# Transfer my sim to another phone



## theFOoL (Feb 8, 2022)

Hello guy's, 

So I'm thinking about getting the LG V20 t-mobile version. Would I need to call straight talk or should I be good? The sim is a nano sized but held to contact with G4


----------



## Toothless (Feb 8, 2022)

Why not call them first? Also anything V40 and below cannot do 5G, so T-Mobile will not support it.


----------



## bonehead123 (Feb 8, 2022)

theFOoL said:


> Hello guy's,
> 
> So I'm thinking about getting the LG V20 t-mobile version. Would I need to call straight talk or should I be good? The sim is a nano sized but held to contact with G4



A) The V20 is a pretty old phone, but if that's what you need/can afford, then so be it...*just be sure to get an unlocked model, otherwise your plan will be DOA*....

B)  If your "G4" is still under a contract, you would need to pay off that contract 1st, and then request that the carrier it is on now unlock it, which could take as little as 24 hours or as long as 14-30 days, depending on if they decide it's worth the effort or not....

FYI, I paid off all my tmobster phones and got them unlocked 2 years ago, and then put Google Fi sim cards in them, nottaproblemo.....

good luck with the swaparoonie


----------



## theFOoL (Feb 8, 2022)

I don't intend to use 5G and I buy my phones off ebay or AliExpress.
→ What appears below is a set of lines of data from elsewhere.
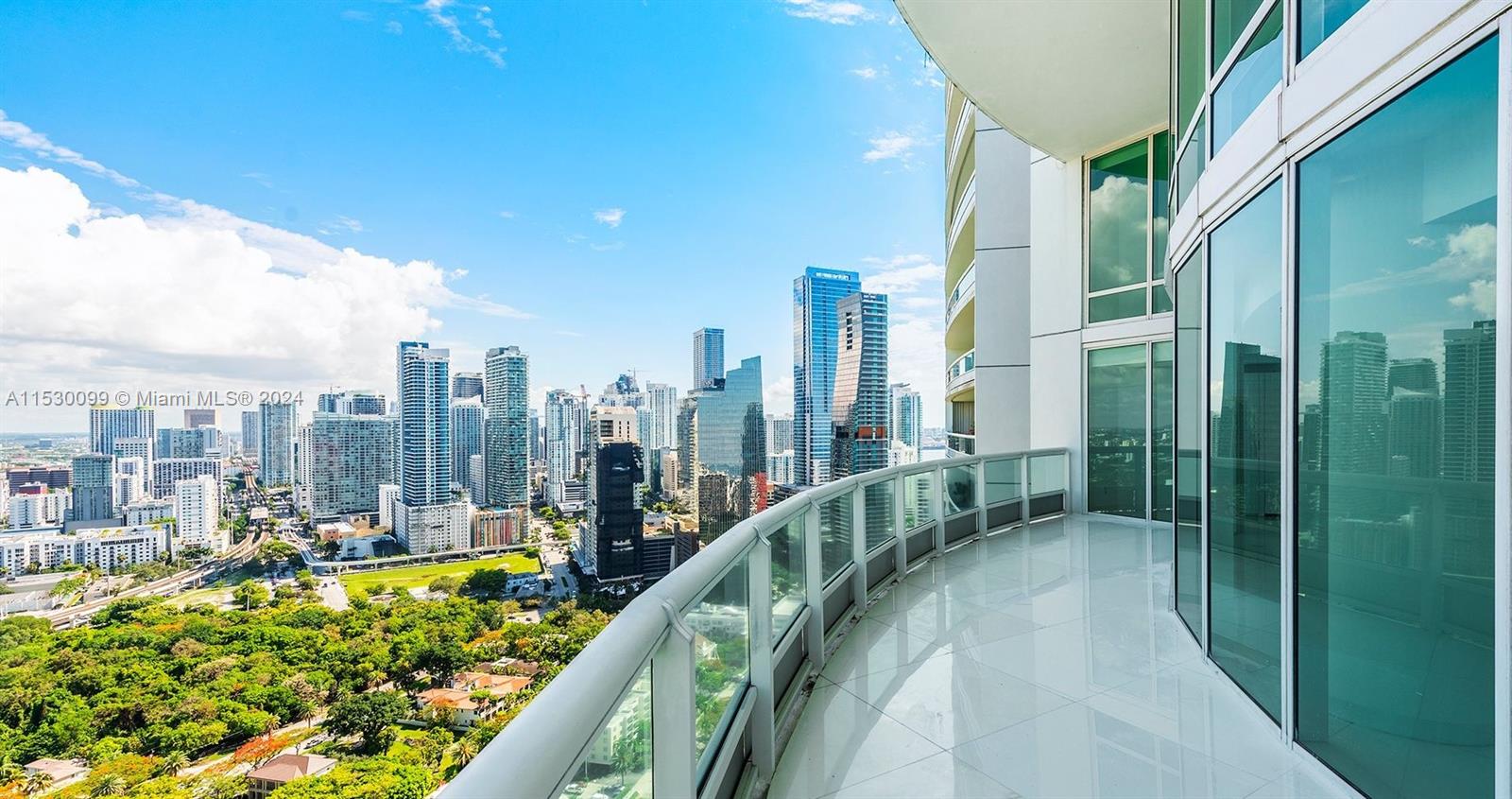 SANTA MARIA CONDO - Residential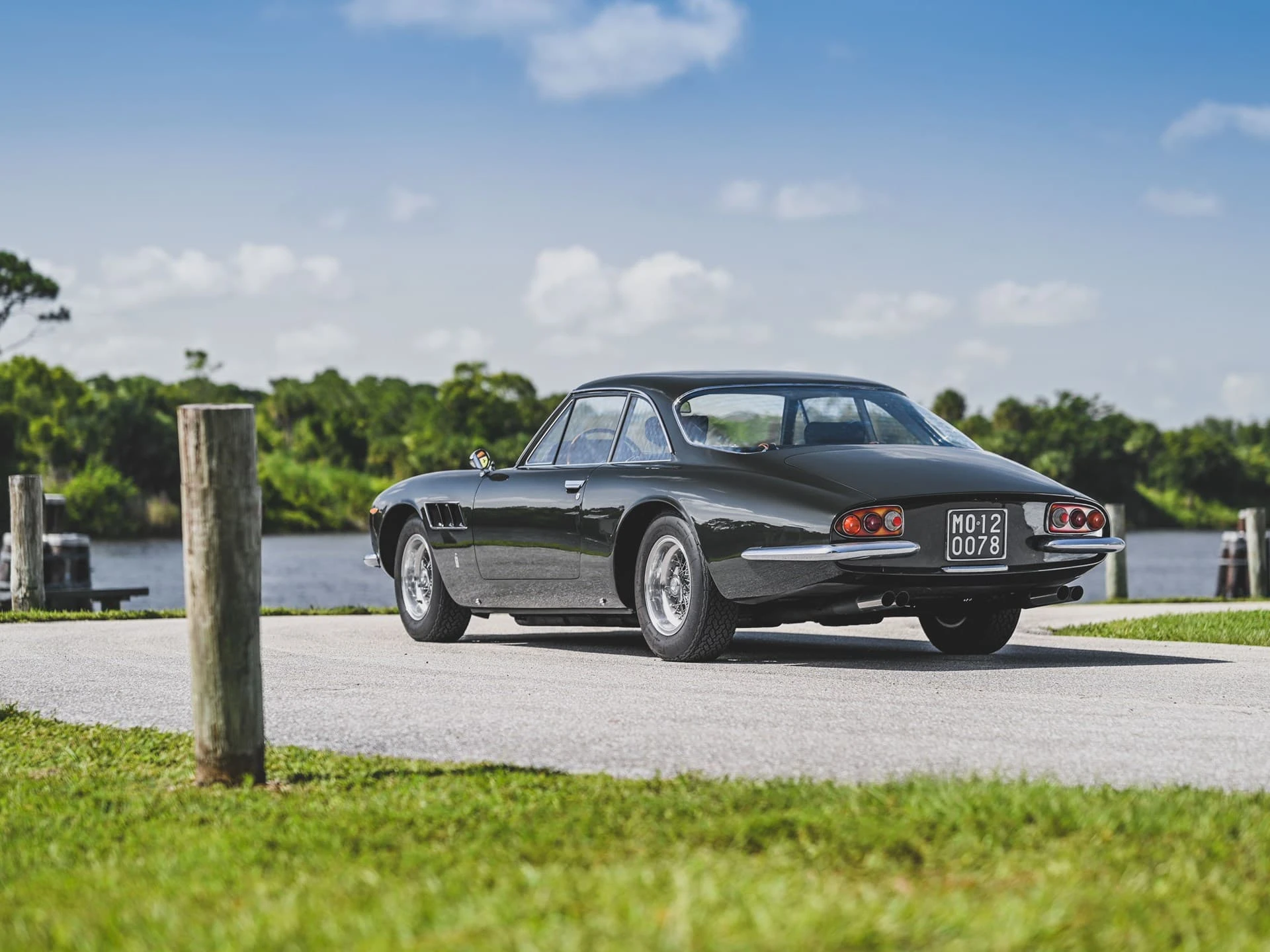 Ferrari 500 Superfast Pininfarina 1964 2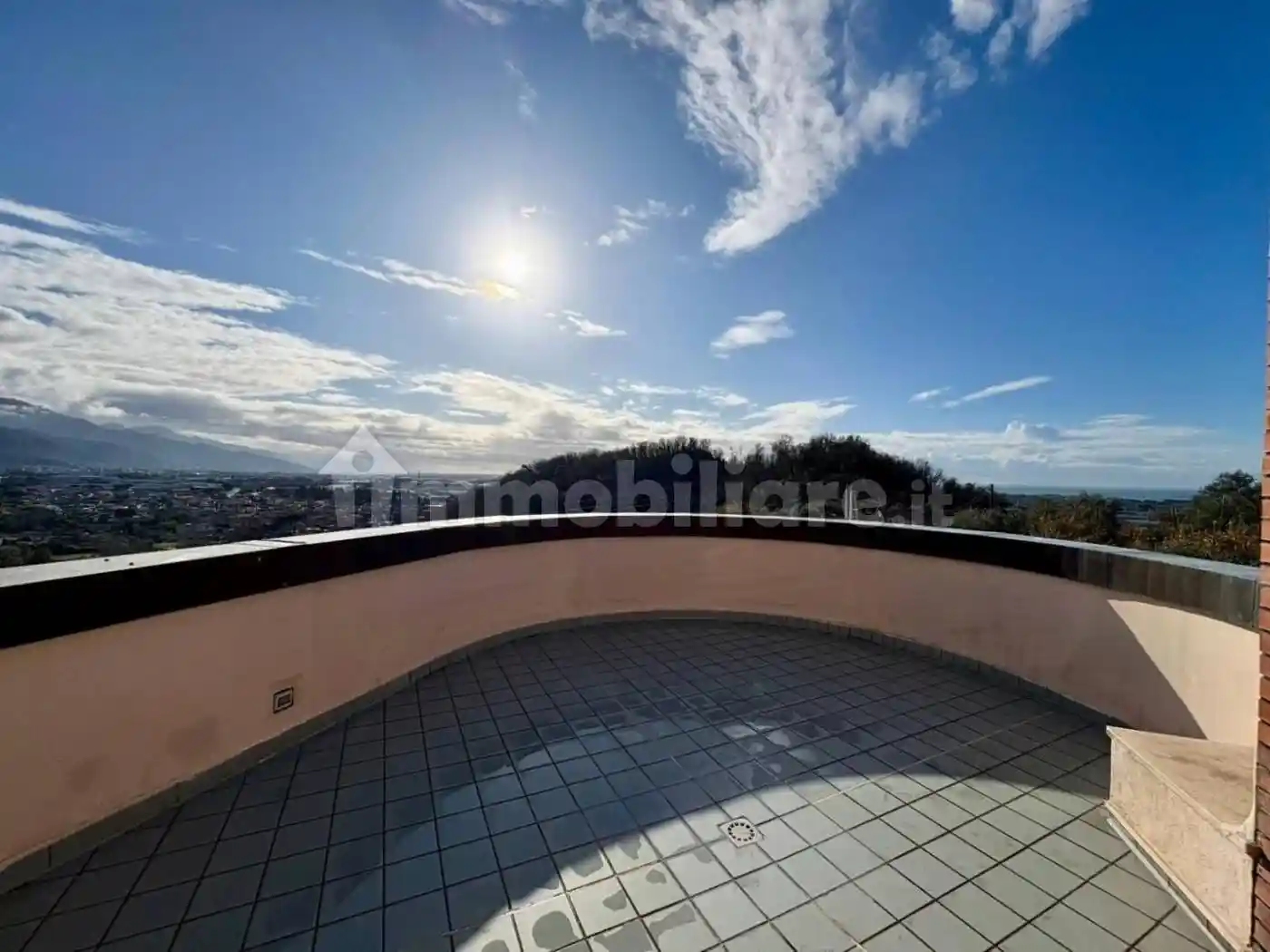 Villa in vendita a Massa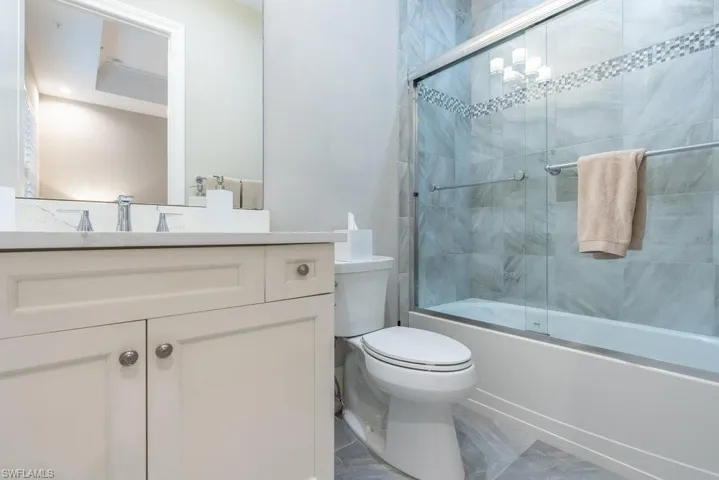 3rd en-suite bathroom with tub and shower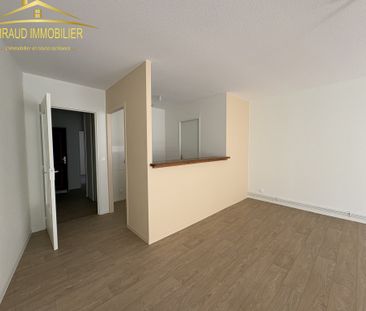 Location Appartement 2 pièces 66m² CHARLIEU 42190 - Photo 4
I'm careful at what I do. Just many sellers intend to have a better Stock of the batteries for the V20. I'm always looking for a return as well for phones

Just bc a phone is Old doesn't mean you can't still use it


----------



## Toothless (Feb 8, 2022)

theFOoL said:


> I don't intend to use 5G and I buy my phones off ebay or AliExpress. I'm careful at what I do. Just many sellers intend to have a better Stock of the batteries for the V20. I'm always looking for a return as well for phones


That's nice but anything T-Mobile related is getting forced to 5G sooner or later.


----------



## theFOoL (Feb 8, 2022)

Toothless said:


> That's nice but anything T-Mobile related is getting forced to 5G sooner or later.


Meaning they won't do 4G?


----------



## Toothless (Feb 8, 2022)

theFOoL said:


> Meaning they won't do 4G?


It will need to specifically support 5G and lower. Again as I said earlier, call them and ask before you do something you'll regret. My V40 ThinQ is not supported by T-Mobile but (for the time being) is supported by Metro.


----------



## theFOoL (Feb 8, 2022)

I'm with straight-talk with a t-mobile sim [just meaning i'll get t-mobile signal] which I had to buy a micro sim kit for G4. I have plenty of batteries for my G4 but 2 originals are dying on it's capacity and I have 3 that have popped in the center just a hair but they are still usable just lost thier capacity a bit. That pop was bc I charged those Extended batteries by USB at one point. I'm guessing the G4  or any other phone tht has removable batteries has a code or a board/chip with the phone telling it to stop at this point at charging. Many companies created these batteries/chargers to have a longer run time


----------



## cvaldes (Feb 9, 2022)

It depends.

Sometimes old SIMs aren't compatible with new cellular network technologies. I know I needed to exchange SIMs a couple of times but it has been a while since I had to do that.

Best thing to do is to ask Straight Talk. 

I'm currently using Mint Mobile (another MVNO running on T-Mobile USA towers) and I did not have to change SIMs between original 4G, 4G LTE and now 5G.


----------



## theFOoL (Feb 9, 2022)

Well my G4 still gets signal so I don't why the change wouldn't work


----------



## 1freedude (Feb 9, 2022)

I just got a snail mail message from Tmo saying my Essential PH-1 will not work on the system soon.  It's a top end device, but it uses 3G for voice calls, and they (Tmo) are shutting down 3G.

Make a call and notice if the phone drops to 3G.  If so, turn on VoLTE if you can.

Regarding your question, put the sim in and dont worry about it.  It will work or it wont.  Def wont break anything.


----------